Ellie remembered the case from the news. The primary detectives focused on the building’s construction crew because the workers had access to the closed floor. McIlroy, on the other hand, got wrapped up in the fact that the murder was on the eighth floor, and the victim was stabbed eighty-eight times. He even studied photographs of the bloody smears of the crime scene until he was convinced they were shaped in a chain of number eights. The rest of the homicide task force wrote it off as another crazy McIl-Mulder theory, but McIlroy hit the neighborhood homeless shelters and found a paranoid schizophrenic who’d been treated by the victim two years earlier while he was on his meds. Off his meds, he’d been walking the streets on the Upper West Side mumbling to whoever’d listen about the number eight.

Jenkins ran a palm over his head stubble. “I think some people would say he’s lucky. And they’d also say it was bad form, working another team’s case. But what really pissed the task force off were the department’s press releases. McIlroy looked like a lone hero.”

“And we know how that must’ve gone over.” Ellie thought of the barbs about McIl-Mulder she’d overheard among older detectives. She wasn’t sure which seemed to bother them more – his supposedly half-baked theories or the astonishing coincidence that the press always seemed to have a heads-up on the inner workings of his investigations.

Jenkins shrugged. “He’s still the favored boy there, at least with the brass. But he’s got a reputation – well, it sounds like you’ve heard about it. I could tell them I need you here. I can keep my own people when I need to.”

“No, sir. If I can help there and come back when I’m through, that’s what I’d like to do.”

“I didn’t have a doubt in my mind that you’d say precisely that.” He handed her a slip of paper with McIlroy’s name and an address scrawled on it. The tell in his jaw was gone. Ellie took it as a sign of something Jenkins would never say aloud – he had been worried about her ability to handle the scrutiny that would come with the assignment, but he no longer was.

It took Ellie only ten minutes and one box to pack up her desk, and the box was only half full. A picture with her mom and brother taken two Thanksgivings ago back in Wichita, a handful of hair clips, her favorite water glass, a jar of Nutella, a spoon, a cigarette lighter, and the potpourri of pens, Post-its, Jolly Ranchers, and other crap that fell out of her top desk drawer. That was it. All she had gathered in thirteen months.

And somehow those thirteen months had led her to a murder assignment.

3

ELLIE HATCHER NEVER THOUGHT SHE’D BE A COP. SURE, LIKE ANYlittle kid modeling herself after a parent, she’d thrown around the idea. But police officer had fallen somewhere on the list between fashion designer and astronaut. Then, after her father died, she believed she’d lost every positive feeling she had about law enforcement. Her father literally gave his life to the job, and it left his family with nothing. No money. No support. Not even answers about his death.

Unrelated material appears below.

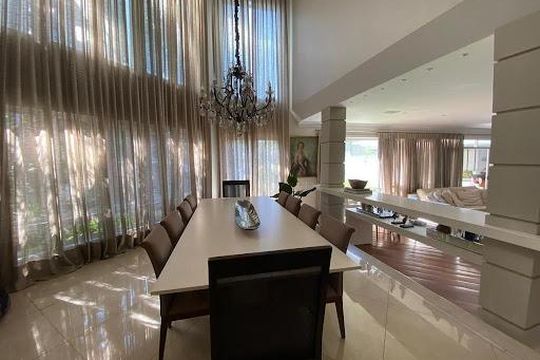 Casa à venda com 4 quartos, 586m² em Tamboré, Barueri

It also left her without the luxury of dreams about her future. When her older brother, Jess, ran off to New York to become a rock star, Ellie and her mother had been on their own. Even if Ellie had been willing to leave as well, the scholarship money she earned in B-level beauty pageants fell far short of out-of-state tuition. That left Ellie as a part-time waitress and a part-time prelaw student at Wichita State University.

She’d probably be a lawyer in Kansas now if it weren’t for Jess – or at least for her mother’s inability not to worry about his pattern of mixing alcohol (and most likely other substances) with a general penchant for recklessness. After two years of watching her mother age ten, Ellie realized the best thing she could do for her mother – and herself – was to leave Wichita to look after her brother.